Die Amerikaner versuchen auch in Saudiarabien und Qatar dahin zu wirken, dass diese arabischen Lieferanten des Widerstands das gleiche tun. Die Leute der FSA werden ihrerseits aufgefordert, möglichst deutlich von den Islamisten Abstand zu nehmen. In der Vergangenheit gab es in bestimmten Fällen gemeinsame Aktionen beider Gruppen von Kämpfern. Sie wurden von Fall zu Fall zwischen den Führern im Feld vereinbart. Doch dies dürfte nun zu Ende sein, sowohl der bestehenden Rivalitäten halber wie auch besonders der versprochenen Waffenlieferungen wegen.
Immer noch gelten die Islamisten als die besten Kämpfer unter den Rebellen, sowohl ihrer inneren Disziplin wie auch ihrer Opferbereitschaft wegen. Sie sollen auch die besten Waffen und die reichsten Geldquellen besitzen. Viele ihrer Gelder gehen auf private Spenden aus den Golfländern zurück. Ihre Vorstellungen dessen, was sie zu erringen suchen, sind klarer als jene ihrer Rivalen säkularer Gesinnung. Sie unterstehen nicht, wie die Säkularisten, einer innerlich tief gespaltenen und zerstrittenen Exilregierung, die innerhalb Syriens wenig Autorität besitzt.

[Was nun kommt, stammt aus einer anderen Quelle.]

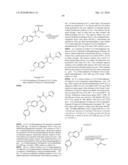 MODULATORS OF GLUCOCORTICOID RECEPTOR, AP-1, AND/OR NF-kB ACTIVITY AND USE THEREOF diagram and image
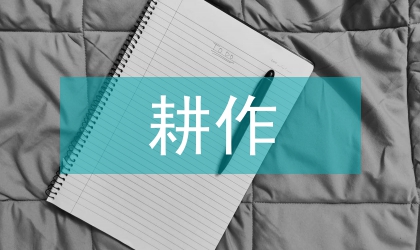 微型耕作機(jī)械發(fā)展對策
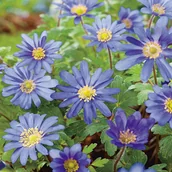 Nasiona i cebule - Anemon Grecki Zawilec Blanda Blue Shades 10 szt cebulki anemonów - miniaturka - grafika 1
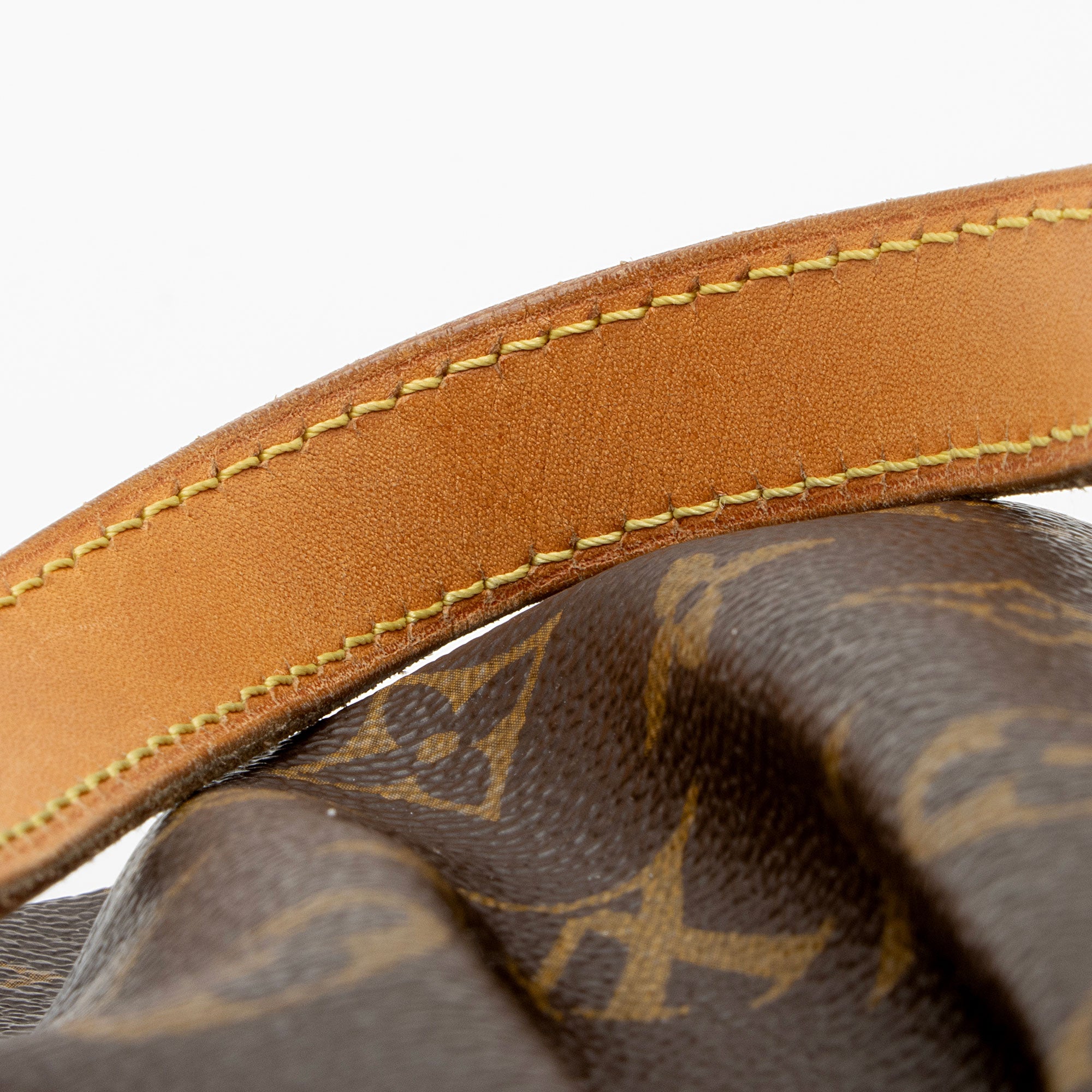 Louis Vuitton Monogram Canvas Palermo PM Tote (SHF-sLVgIT)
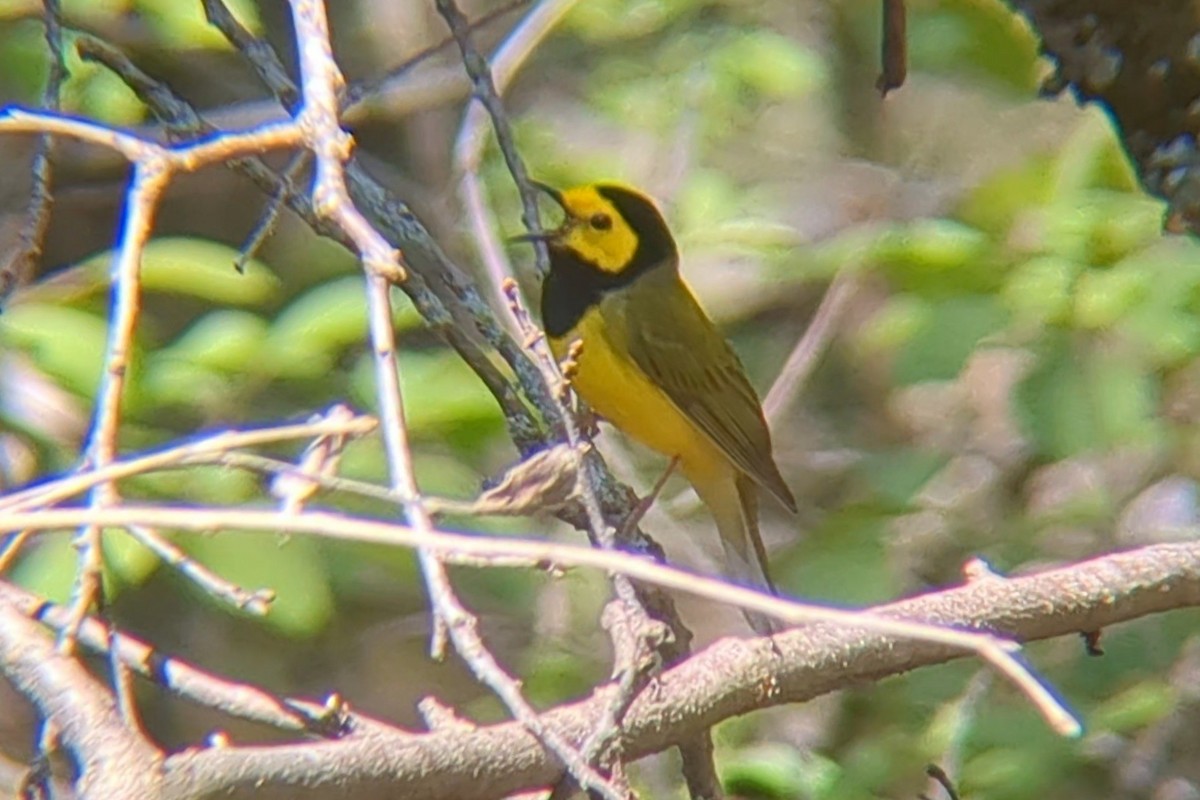 Hooded Warbler - Jason Hedlund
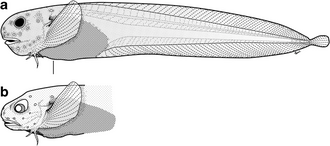 ภาพ ปลา selti (Paraliparis selti)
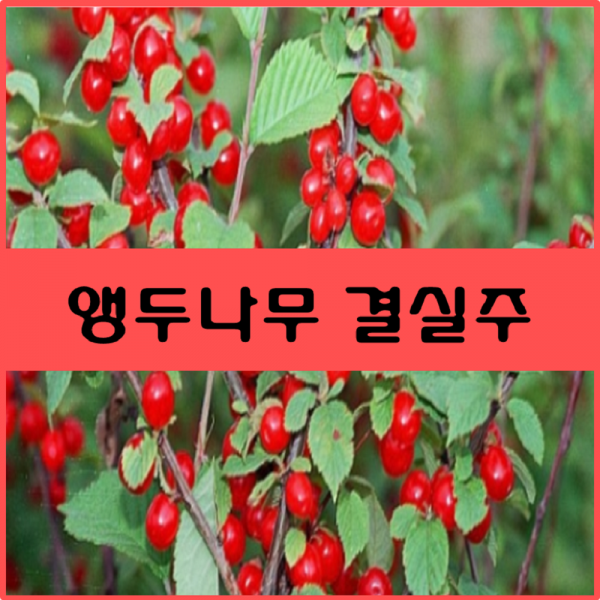 착한가격 나무생각 착한생각 앵두나무 결실주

Streit über die Qaida-Affiliation
Allerdings kennen auch sie Spaltungen. Die Islamisten sind in den letzten Monaten der Qaida-Führung näher gerückt. Ayman az-Zawahiri, der heutige Chef von Qaida, hat sie dafür ausdrücklich gelobt. Die Nusra-Front hat erklärt, sie unterstelle sich der zentralen Führung der Qaida. Was allerdings «Qaida im Irak», von welcher die Nusra-Front abstammt, offenbar nicht ohne Widerspruch hinnahm. Es soll nun eine «Qaida in Syrien» geben, als deren Chef Osama al-Tunisi gilt; aber auch eine «Qaida im Irak und in ash-Sham» (Sham ist eine arabische Bezeichnung für Damaskus und ganz Syrien), die von Abu Bakr al-Baghdadi kommandiert wird.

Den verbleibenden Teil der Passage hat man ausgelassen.